There are many factors in medicine these days that have pushed primary care practice to be mostly a salaried, employed-physician model as part of a large organization. Many of the old personal autonomy benefits have been lost. Rising overhead costs and lagging fee-for-service reimbursement have made it difficult for private practitioners to fund all the required elements of the new healthcare delivery team.
Additionally, there are heavy administrative burdens to achieve necessary certifications or just accomplish even simple care goals and also to follow required processes for optimal reimbursement. It has not all been bad, however. Emerging practice guidelines, desire for standardization and consistent quality of care, better control of lifestyle and personal time off are some of the more positive attributes to corporate employment. But this trend has also brought other important new challenges and realities to the primary care practice model that for centuries has been based on the principles of individual accomplishment, personal caring, and professional pride.
The changes in medical practice have also seemed to be based on generational differences in expectations about medicine as a career. Being a physician these days seems more of a job and not as much a consuming professional commitment as in the past. I have no doubt that our newest PCPs have at least as much caring and dedication to the cause of bettering our patients’ lives as ever, but, as a group, they also have stronger expectations about preserving more personal time for family and lifestyle needs. This is not a bad thing, either, as long as the needs of our patients still come first in how they are treated by the whole healthcare system.
So, how do we address the balance between delivering patient-based, compassionate, comprehensive healthcare and preserving our physicians’ lifestyle balance, professional satisfaction, and well-being? Given the current shortage of PCP’s, finding effective answers to this question is a critical challenge for effective healthcare transformation.
Clearly our new physician employment models often risk reinforcing the “me first” realignment of physician priorities as they often tie salary to volume of care, based on fee-for-service reimbursement models, rather than to quality. Likewise, employment contracts tend to be one-sided, employer-employee models, leaving employed physicians little opportunity or incentive for creativity in defining and improving how they do their jobs. These are shallow and short-sighted strategies as we go forward that can lead to the unintended consequences in today’s physician employment world, as evidenced by two telling observations.
One of the first unintended consequences of the newer employed physician model has been less sense of loyalty and connection and more tendency for younger PCP’s to switch jobs. Of course, this outcome is also promoted by the PCP shortage which allows almost unlimited alternative options for a physician currently disaffected by his or her current employment arrangement. This increased mobility has the very unfortunate effect of disrupting critically important continuity in the doctor-patient relationship around which trust, deeper caring, and improved outcomes are built.
Similarly, I see a blossoming, particularly among young physicians, of seeking “side gigs” and creating social media platforms. The effects of this and underlying reasons are harder to gauge. Whether they are seeking additional income opportunities or just ways to express their creativity, I think those energies would be better spent on their primary job if they were better incentivized to do so. It’s a missed opportunity for the healthcare system. We need to look at the level of reimbursement for our PCP’s and also the way we involve them in designing and “controlling” the way they deliver care to create the environment for them to devote their full focus and energies to their primary job and their patients.

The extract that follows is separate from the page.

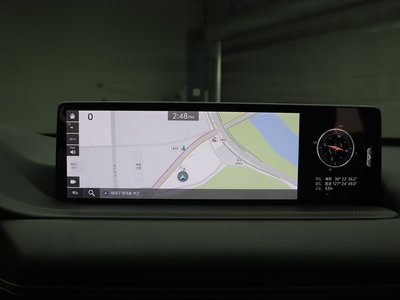 2020 Genesis GV80 thumbnail 13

If we are truly trying to build a patient-centered healthcare system, we must find answers to the “corporatization of medicine” that puts two central tenets at risk: connection and continuity between patients and their physician. It is therefore critical that we design our employment models for PCP’s to preserve and promote those principles.
The best models to do so will transparently outline the goals of the organization and challenges to be faced in meeting those goals.
Those models will provide guidance on how to practice, but also make the process open to input and continuous improvement ideas from all members, especially the physicians. By offering some real control of the work processes and more feedback about outcomes the result will be reduced burnout and improved job satisfaction.
Likewise, the best models will place employed physicians in skilled, multidimensional, well-trained teams that provide the full necessary support to address those challenges and allow physicians to use their top level training and skills for the bulk of their work, yet still have enough time for their personal lives. Those systems will improve patient outcomes (which should improve physician job satisfaction and dedication) and still control the work demands to allow a rewarding work/life balance. They must also find the funds to staff effectively at both the physician and support staff levels and reimburse the physicians at a full and fair level in view of their extensive training and professionalism. Similarly, supporting technology must always be designed to support the real work of the team and be user-friendly.
It seems clear to me that only the healthcare organizations that make a full financial and organizational commitmentto adjusting their PCP employment model in this way will be the ones with real success in achieving the triple aim by virtue of also addressing the “fourth aim”: physician satisfaction. The new healthcare paradigm demands it.